The love of fibers

AndrewAPrice · Post by **AndrewAPrice** » Thu Feb 11, 2021 1:31 pm

How are others going about threads, fibers, parallelism in their OS's?

I spent time implementing fibers completely in user-space. My intepretation of the the System V calling convention is that the callee is only required to save 7 registers and the stack, so the context switch is much lighter weight than switching threads. Then I use an object pool to avoid dynamic allocation when I rapidly create/remove fibers.

Now I can do:

Code: Select all

int main() {
  Scheduler::Defer([]() {
     std::cout << "world" << std::endl;
  });

  std::cout << "Hello ";
  // While this fiber sleeps, here's our chance to run the deferred function above.
  Sleep(100);
  std::cout << "!" << std::endl;

  return 0;
}

The reason for implementing fibers is that anytime user code blocks (waiting on an RPC or kernel message), we can continue to keep the processor busy, without the overhead of thread switching (system calling, and storing + loading all registers). Any incoming RPC or message is handled as a fiber.

There are two functions:

Code: Select all

Scheduler::FinishAnyPendingWork();

FinishAnyPendingWork() handles any queued fibers and polls the kernel for incoming messages and returns when there's nothing more to do. The intention for this is that you could use it in game loop.

Code: Select all

Scheduler::HandOverControl();

HandOverControl() never returns and sleeps the kernel thread until there is something to do. The intention for this is to turn the program into an event loop (such as a UI application waiting for clicks, or a server waiting for RPCs.)

Here's my PS/2 keyboard and mouse driver, which shows how I set up some handlers, then hand over control:

Code: Select all

int main() {
  // These are services that handle incoming RPCs.
  mouse_driver = std::make_unique<PS2MouseDriver>();
  keyboard_driver = std::make_unique<PS2KeyboardDriver>();
  InitializePS2Controller();

  // Calls InterruptHandler() when IRQ1 or IRQ12 occurs.
  RegisterInterruptHandler(1, InterruptHandler);
  RegisterInterruptHandler(12, InterruptHandler);

  // Switches us over to be an event loop that sleeps unless we're dispatching interrupts and RPCs.
  HandOverControl();
  return 0;
}

PeterX · Post by **PeterX** » Thu Feb 11, 2021 6:07 pm

I had to look up fibers. It is cooperative multitasking, right?

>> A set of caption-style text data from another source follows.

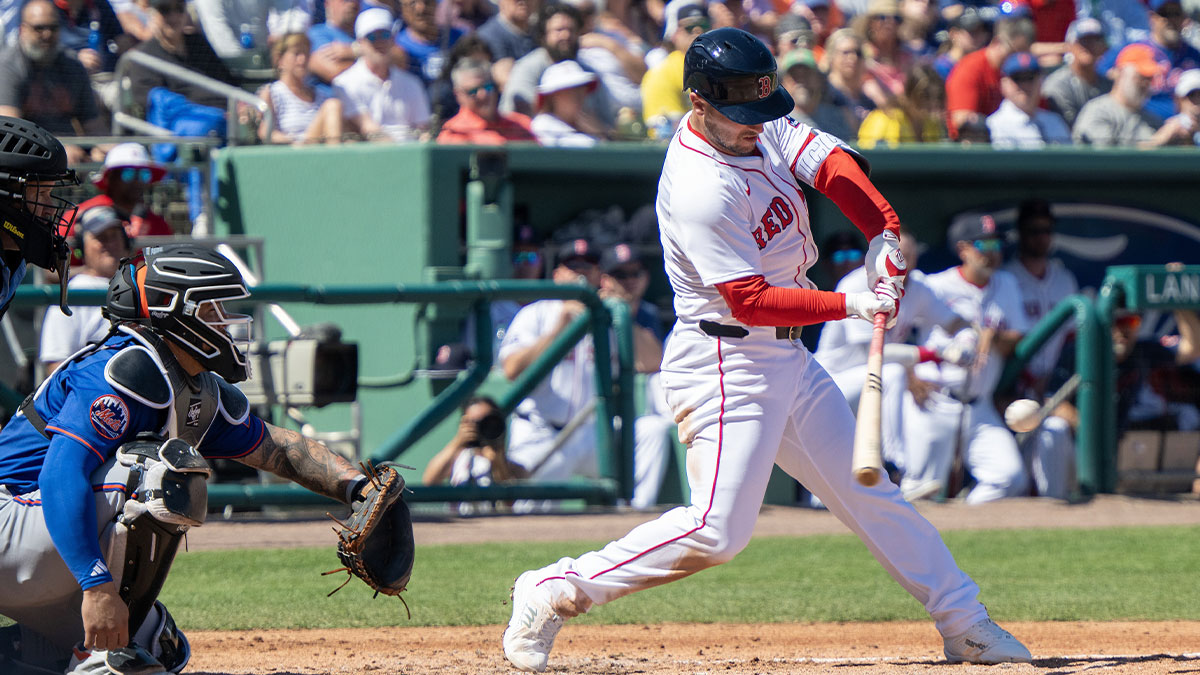 Mar 2, 2025; Fort Myers, Florida, USA; Boston Red Sox Alex Bregman (2) hits a single during the first inning of their game with the New York Mets at JetBlue Park at Fenway South. 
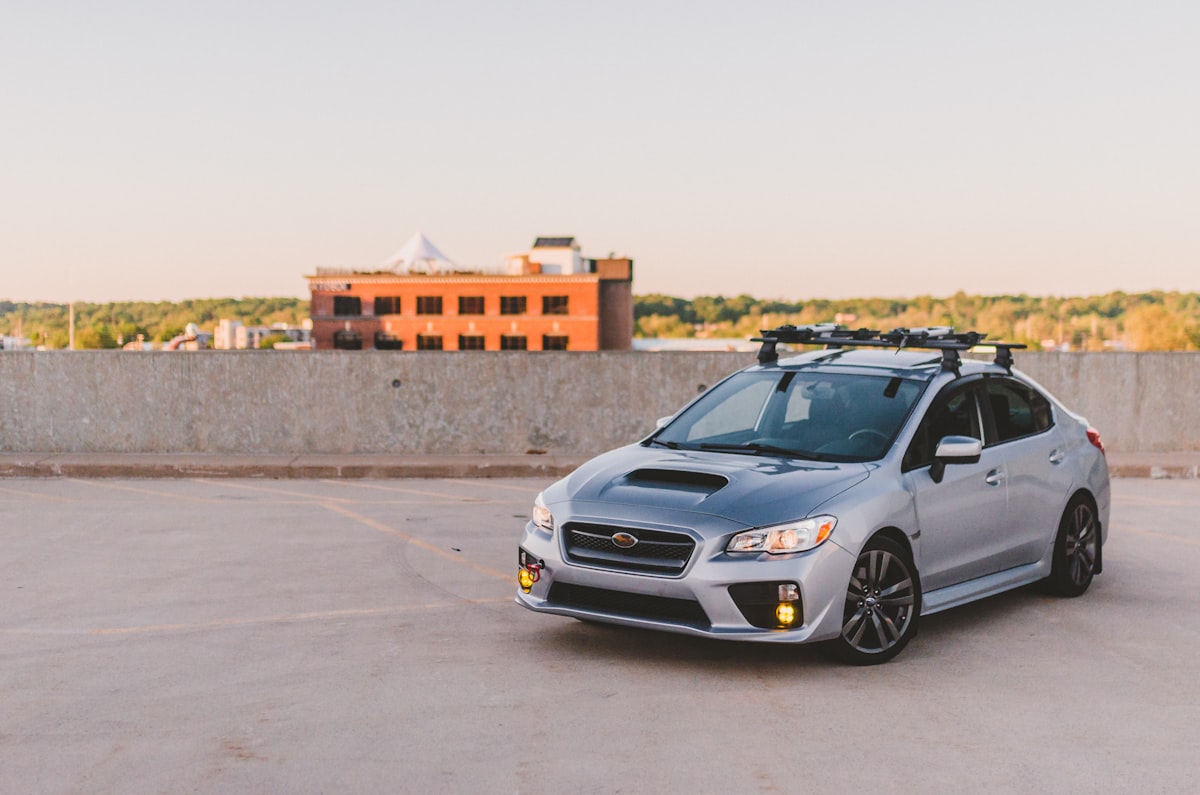 a silver subarunt parked in a parking lot related to Exploring the Versatility of Subaru with a Truck Bed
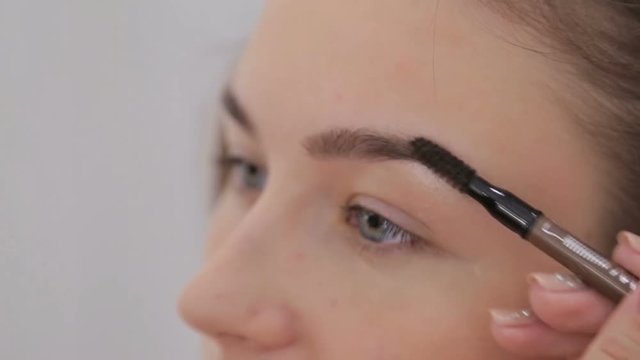 Close up shot. Professional make-up artist drawing eyebrows of client in white room. Beauty, makeup and fashion concept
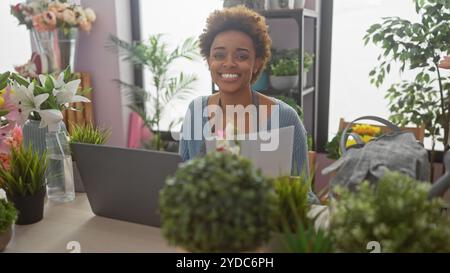 An african american woman entrepreneur managing her flower shop business with a computer and documents, surrounded by lush plants. Stock Photo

Not sure if I like the concept. Could coop multitiasking (or more precisely the context switch) be created by a compiler? Or do you have to explicitely write the application code in blocks plus some context-switch/idle function/macro (like your HandOverControl() or Sleep()?

Greetings
Peter

AndrewAPrice · Post by **AndrewAPrice** » Thu Feb 11, 2021 7:36 pm

PeterX wrote:I had to look up fibers. It is cooperative multitasking, right?

Not sure if I like the concept. Could coop multitiasking (or more precisely the context switch) be created by a compiler? Or do you have to explicitely write the application code in blocks plus some context-switch/idle function/macro (like your HandOverControl() or Sleep()?

Greetings
Peter

It is cooperative multitasking. I also have threads which are preemptive, and fibers compliment threads.

You normally wouldn't manually call yield() in a fiber, because the point isn't to give the illusion of code running in parallel (CPU intensive code should still live in threads), but to maximize throughput by keeping the processor busy if there's work to do.

The framework you're using at a very low level should be the one that that worries any context switching, not the end programmer. So any operation that would normally cause the thread to wait (e.g. an RPC, waiting for IO, waiting on a future, etc) would check to make sure there are no other fibers (or "tasks" if you want to call them that) to run before putting the thread to sleep.

nullplan · Post by **nullplan** » Thu Feb 11, 2021 9:41 pm

I'm not a big fan of fibers, because they are easy to mess up, and the whole point of an OS is to allow parallel execution without the possibility of mess-ups. But I can't prevent userspace from using them, since they are entirely transparent to the kernel, so I guess applications can do what they like.

AndrewAPrice wrote:The reason for implementing fibers is that anytime user code blocks (waiting on an RPC or kernel message), we can continue to keep the processor busy, without the overhead of thread switching (system calling, and storing + loading all registers).

That would have been an argument twenty or thirty years ago, but now? Now CPUs are so fast that this whole overhead barely takes any measurable time at all, and you have so many of them that a better way to keep the CPU busy is to spread the load to multiple cores. I rarely have more than one runnable process at any given time, and eight CPUs to run it on. And this isn't a particularly high-end system. So, in all, threads avoid all switching overhead by running on multiple cores simultaneously. Implement this and a dynamic tick system, and compute-intensive tasks can run uninterrupted for long periods of time.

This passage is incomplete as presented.